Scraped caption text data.
====
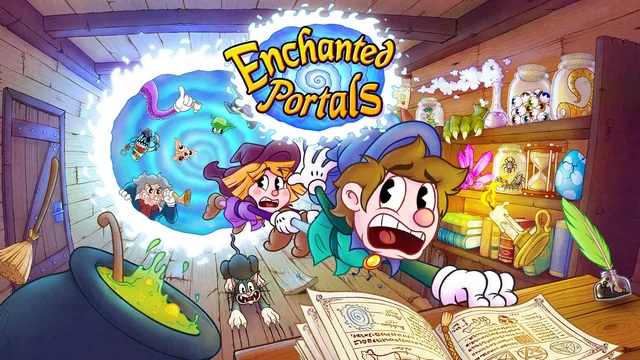 Enchanted Portals 封面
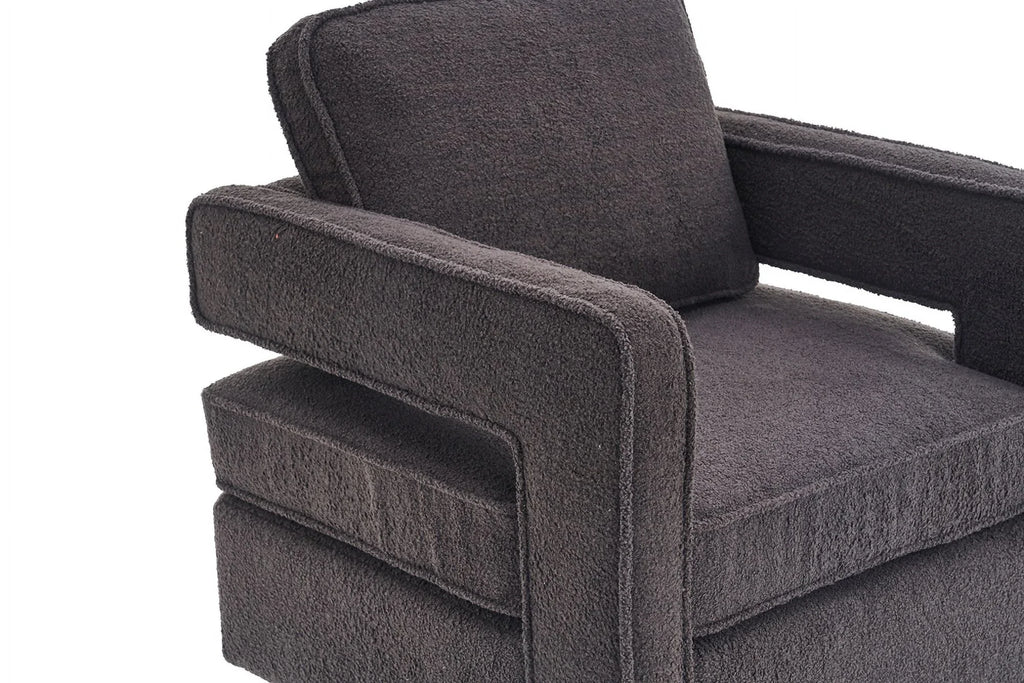 Nursery, Sofa Chair Swivel Living Arm Single Swivel jx Chair, Room,360 for Degree Office Leisure Club je Barrel Small Yone Chair for Bedroom, Hotel, Modern Accent
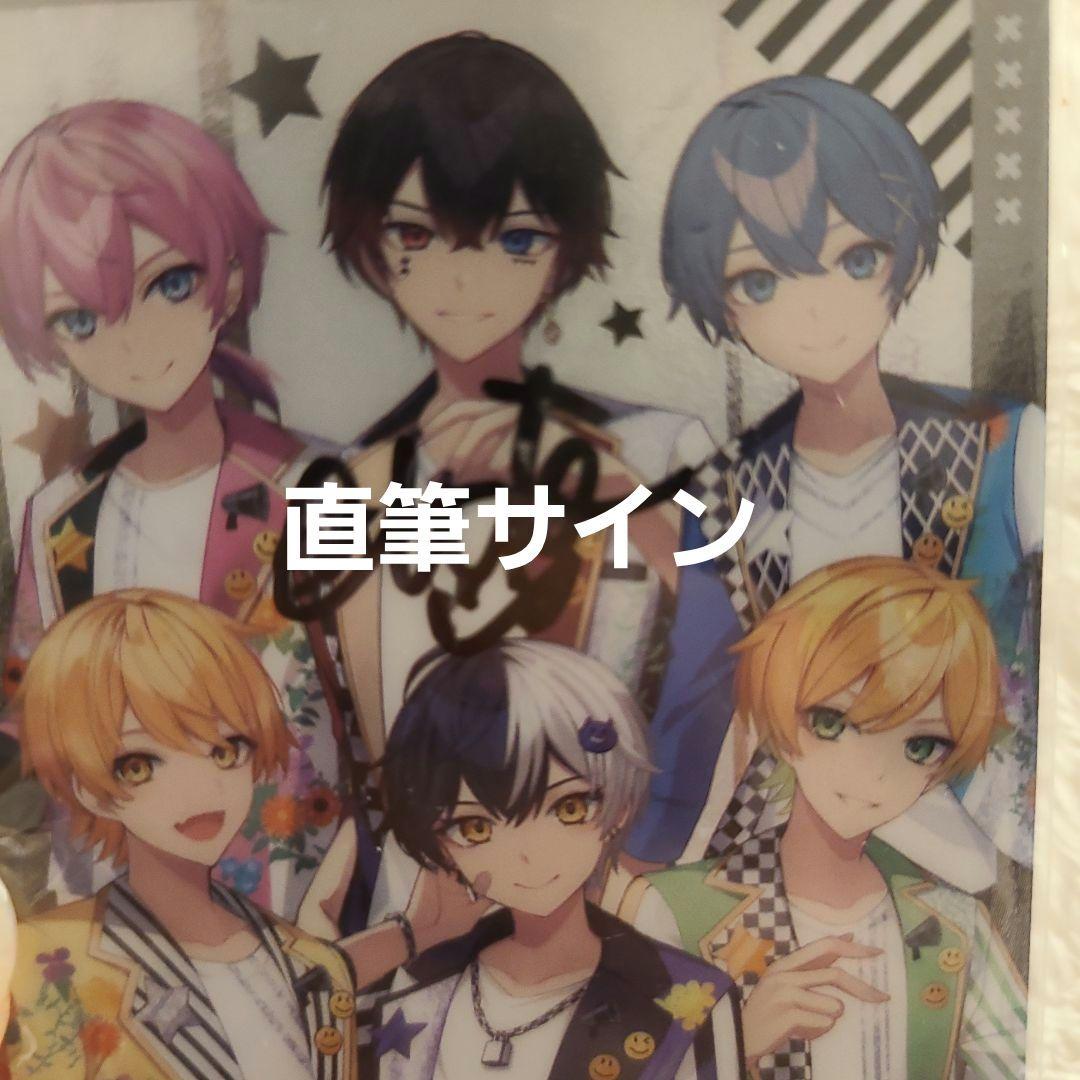 アンプタックカラーズ AMPTAK あっとくん 缶バッチ サイン入りカード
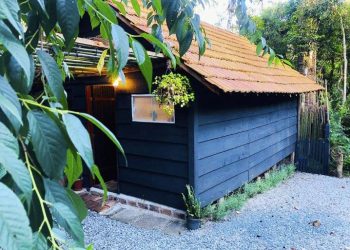 Campos do Jordão tem charmosas cabanas, em meio à natureza, para quem quer fugir da folia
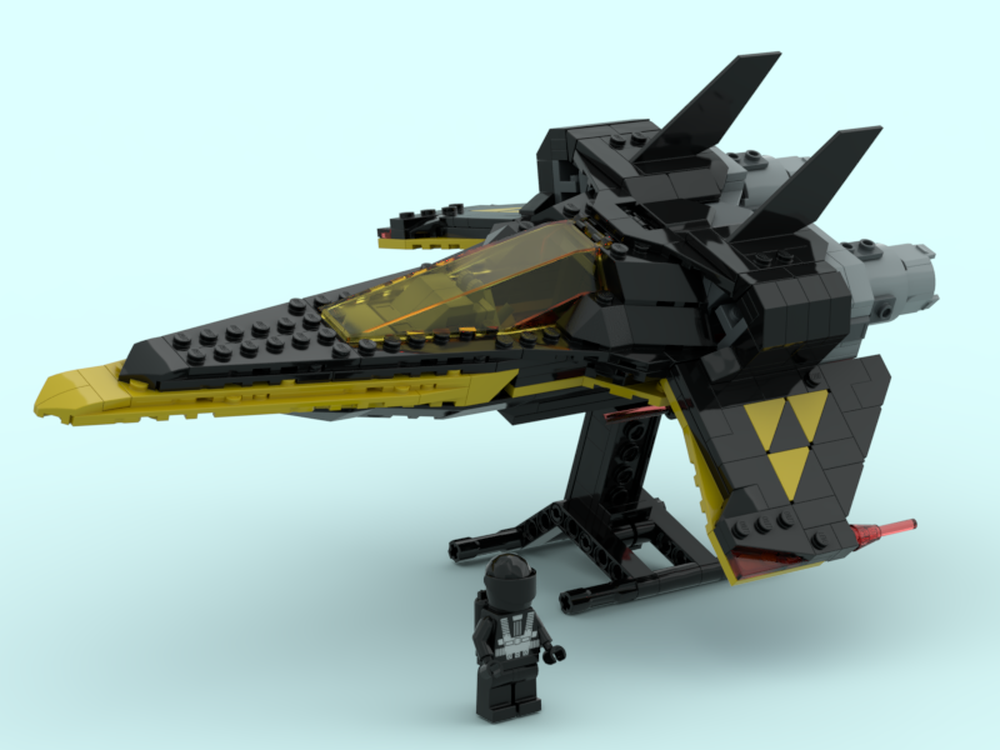 Lego Blacktron XL-15 Spaceship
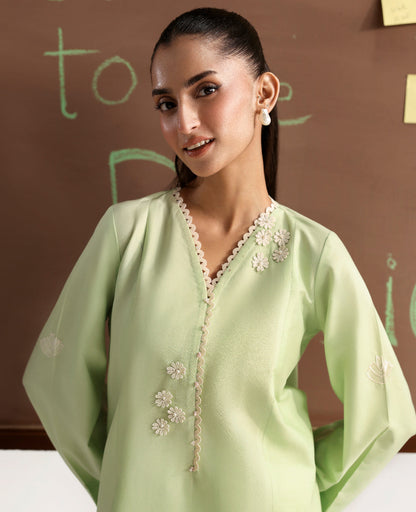 Republic Womenswear | Essentials Pre Fall | Amelle - Casual Dress - available at Maria Faisal in UK and USA.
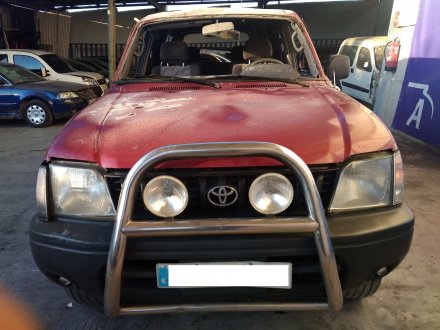 Vehiculo en el desguace: TOYOTA LAND CRUISER (J9) TD VX (5-ptas.) (KZJ95)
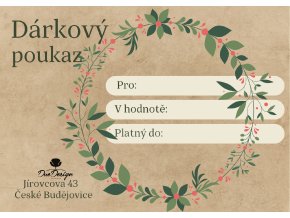 Dárkový poukaz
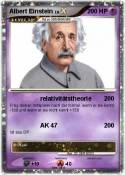 Albert Einstein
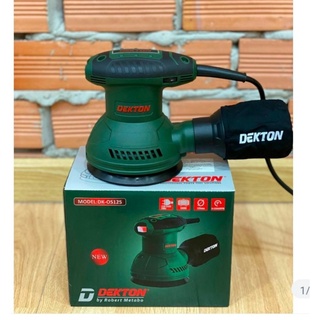 Máy chà nhám tròn DEKTON DK-OS125 (450W)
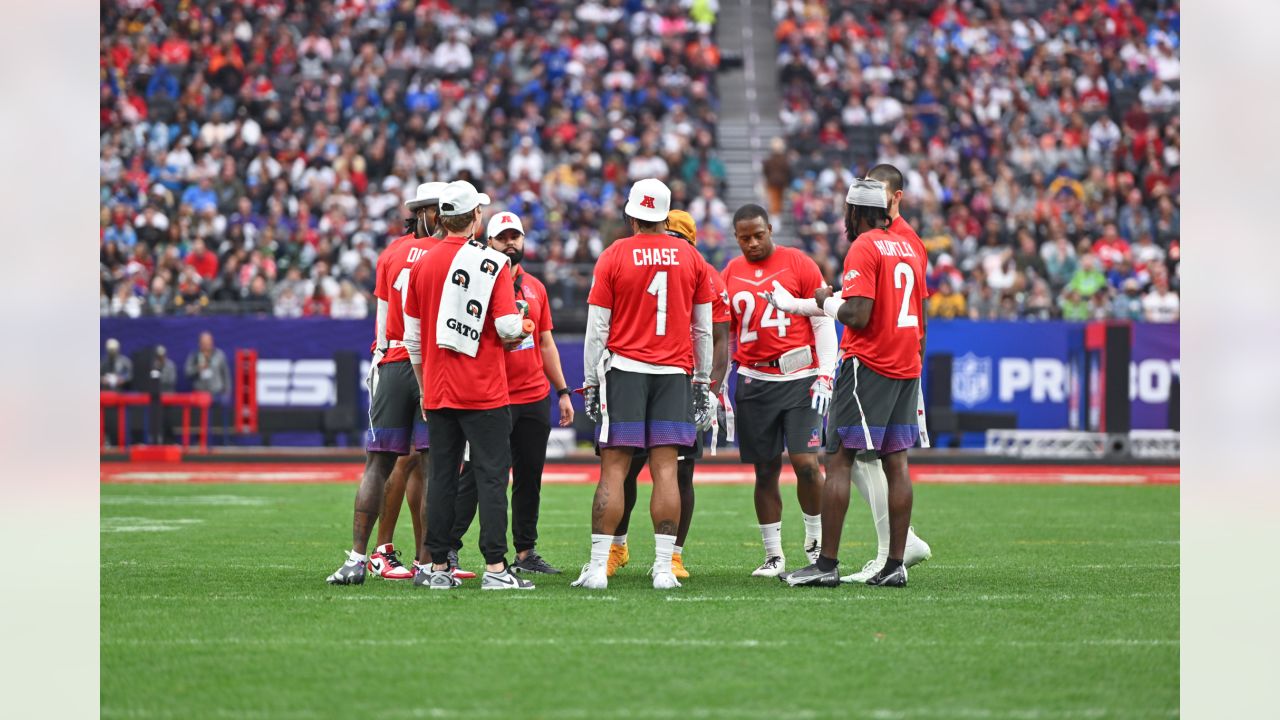 Photos: Bengals Compete in 2023 Pro Bowl Games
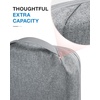 image:imageBAGSMART Compression Packing Cubes for Travel 6 Set Luggage Organizer Bags  Fits 202428in CarryOn Suitcases Compressible Bags Streamline Cruise Travel Essentials Sturdy Handles Machine Washable01Grey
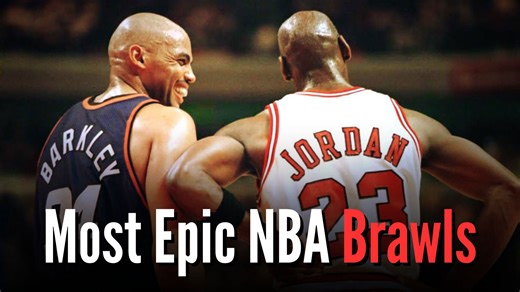 The Most Epic NBA Brawls in History - Part 01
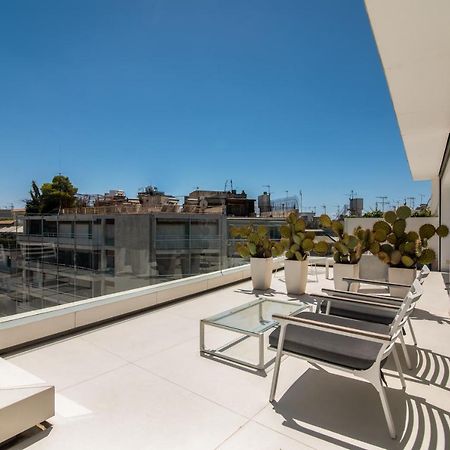 Apartamento Kolonaki Square Panorama Penthouse Atenas Exterior foto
====
Problem to solve. Reproduce the lines from the line with "Photos: Bengals Compete" through the last line of the entries exactly, including both ends and excluding pictures.

Solved exercise.
 Photos: Bengals Compete in 2023 Pro Bowl Games
 image:imageBAGSMART Compression Packing Cubes for Travel 6 Set Luggage Organizer Bags  Fits 202428in CarryOn Suitcases Compressible Bags Streamline Cruise Travel Essentials Sturdy Handles Machine Washable01Grey
 The Most Epic NBA Brawls in History - Part 01
 Apartamento Kolonaki Square Panorama Penthouse Atenas Exterior foto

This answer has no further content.